Y ya que está en el supermercado, pues compra algo que necesita, porque se ha quedado sin papel higiénico o porque necesita unas mandarinas, a ver si ya por fin están buenas, que estamos en noviembre y las últimas que se comió sabían a mirinda preoconstitucional. En resumen, el realfooder incrédulo compra, victoria para el supermercado.

El realfooder incrédulo compra, victoria para el supermercado.

Luego también está el catador, el que cada frikada que sale en un supermercado, él va a probarlo, a pecho descubierto, a puerta gayola, sin miedo y con ganas de criticar, porque si algo nos caracteriza a los españoles, es que somos “echaos pa’lante” y nos gusta criticar. Y allí se planta este crítico gastronómico en ciernes a comprar esos huevitos bien envueltos en plastiquete, y ya que está se lleva alguna frikada más, que hay que dar contenido en Instagram, que los followers no se entretienen solos. El catador compra, el supermercado vuelve a ganar.

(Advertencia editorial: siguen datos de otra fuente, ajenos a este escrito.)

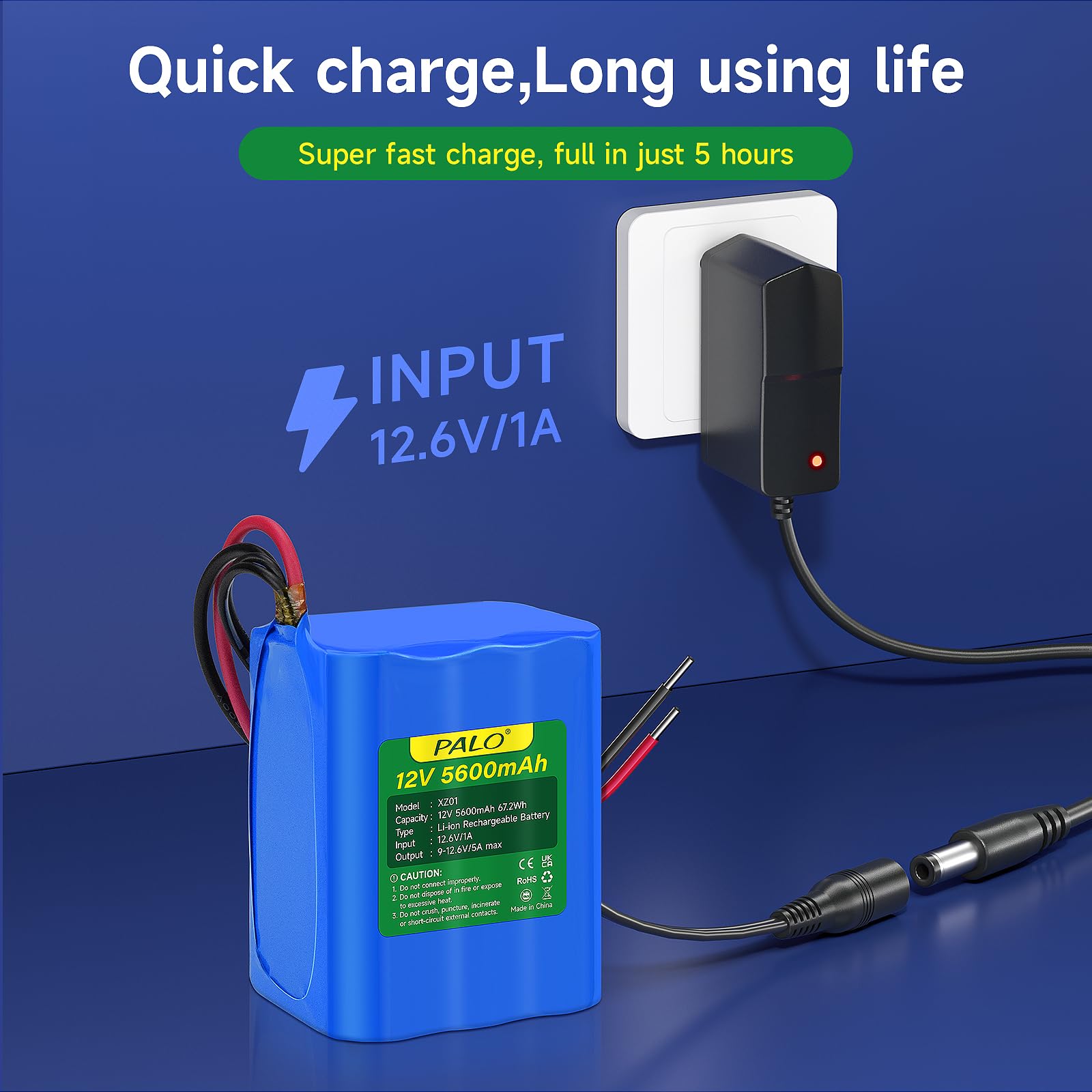 Batterie Lithium-ION 12 V 5600 mAh avec Chargeur et Ligne de Connexion pour Radio, appareils Photo, caméscopes, Orgue électronique, Lampe de Lecture DIY, télescopes, Sonar, Outil de Signal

Por último, y no menos importante, también están los estudiantes, los trabajadores estresados, los padres a los que no les da la vida y que acaban recurriendo a estas ambrosías precocinadas, porque al final “no está tan malo”, “se deja comer”, "no mancha la cocina", “a los niños les gusta”, y porque hay gustos para todo. Si hay gente a la que le gusta que le den patadas en los huevos, cómo no va a haber gente a la que le gusten unos buenos huevos precocinados.

Porque al final “no está tan malo”, “se deja comer”, "no mancha la cocina", “a los niños les gusta”, y porque hay gustos para todo.

Ahora, en un ejercicio de “gastronomía ficción”, pongámonos en el supuesto caso de que nuestras denuncias en redes funcionan, y finalmente se retira este producto de los lineales. ¿Os creéis que el supermercado hace una tirada grande así de primeras, antes de ver si funciona el producto? Lo retira del mercado, con esa primera tirada casi vendida en su totalidad, y ya tiene a su gente pensando el siguiente “precocinadus horribilis”. Y alguno funcionará, por pura estadística. La banca siempre gana.

Y lo peor de todo es que después de estas líneas les he hecho una publicidad involuntaria preciosa. Espero que al menos me manden unos huevos precocinados, que, sinceramente, los prefiero a una patada en los huevos.